Wednesday, July 8, 2015

Linkbench for MySQL and MongoDB with a large database

This has results for Linkbench where the database is much larger than RAM. I previously shared results for a database that can be cached in RAM.

I used Linkbench for MySQL and LinkbenchX for MongoDB as described in the Configuration section in a previous post. The value of maxid1 was set to 1,000,000,001 in the FBWorkload.properties file. For the cached database test that was set to 20,000,001. The test server has 144G of RAM, 40 hyperthread cores and PCIe flash. The tests were configured to use 10 threads for loading and 20 threads for queries. I disabled the binlog during the load for MySQL and enabled it during the query tests. The oplog was always enabled for MongoDB.
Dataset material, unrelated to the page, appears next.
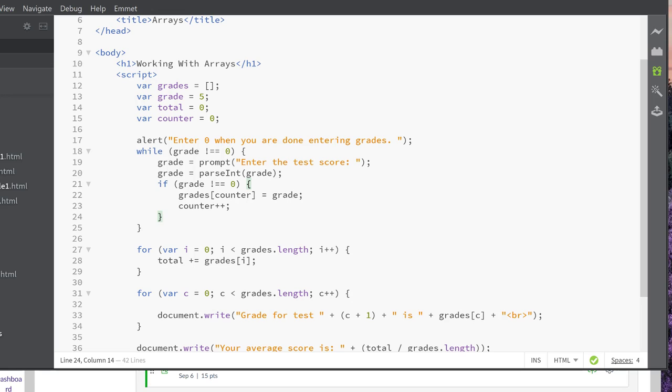So you just need to declare a variable, var grades, with the brackets here. This creates an empty array. Then I have a var grade equals 5, which I will change here.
I don't report results for mmapv1 because the load would take too long and I might not have enough storage. I used WebScaleSQL for MySQL and the v3.0-fb MongoDB partners branch for MongoDB. The following configurations were tested:
  • mysql.rocks.log - MySQL with RocksDB and the binary log enabled
  • mysql.inno.log - MySQL with InnoDB and the binary log enabled
  • mongo.rocks.log - MongoDB with RocksDB and the oplog enabled
  • mongo.wiredtiger.log - MongoDB with WiredTiger and the oplog enabled
  • mongo.mmap.log - MongoDB with mmapv1 and the oplog enabled

Results

The test pattern is to load the data then do 24 1-hour runs of the query test. The results below include:
  • load time - the number of seconds for the load test
  • load rate - the average insert rate during the load test
  • load size - the database size in GB when the load ended
  • 2h qps - the average QPS during the 2nd 1-hour query test
  • 2h size - the database size in GB after the 2nd 1-hour query test
  • 12h qps - the average QPS during the 12th 1-hour query test
  • 12h size - the database size in GB after the 12th 1-hour query test
  • 24h qps - the average QPS during the 24th 1-hour query test
  • 24h size - the database size in GB after the 24th 1-hour query test
load    load    load    2h      2h      12h     12h     24h     24h
time    rate    size    qps     size    qps     size    qps     size    server
43820   99759   707g    22039   748g    25696   805g    25947   831g    mysql.inno.log
24261   180184  368g    32469   372g    30180   383g    29321   394g    mysql.rocks.log
251688  17368   630g    9670    633g    6762    644g    6768    656g    mongo.rocks.log
175740  24874   695g    8533    766g    8019    791g    7718    806g    mongo.wt.log

Update - I ran a test for mmapv1 with maxid1=200M rather than 1B, so it has about 20% of the data compared to the others. I didn't have enough time or disk space to use the larger value with mmap. The data is below:
load    load    load    2h      2h      12h     12h     24h     24h
time    rate    size    qps     size    qps     size    qps     size    server
276350  3165    553g    3222    555g    3084    568g    2969    573g    mongo.mmap.log

Some conclusions from the results:
  • the load rates are similar to the rates for the cached database and IO when the database is larger than RAM doesn't have a big impact on performance. But this might depend on fast storage and these results are for a server with PCIe flash.
  • relative to the query rates for the cached database, RocksDB suffers the least and WiredTiger suffers the most when the database is larger than RAM.
  • the size for RocksDB was similar between MySQL and MongoDB for the cached database. That is not the case here as MongoRocks uses almost 1.7X more space than MyRocks. I have yet to debug this. For MongoRocks all data is stored in one column family. For MyRocks I used one column family per index and if nothing else this makes it easy to determine how much space and IO is consumed per index. There are also more optimizations in MyRocks to remove tombstones earlier but the space difference shows up immediately during the load and there shouldn't be tombstones at that point. MongoDB also uses more indexes than MySQL (9 vs 4) for Linkbench and that might be the reason but this is still a mystery.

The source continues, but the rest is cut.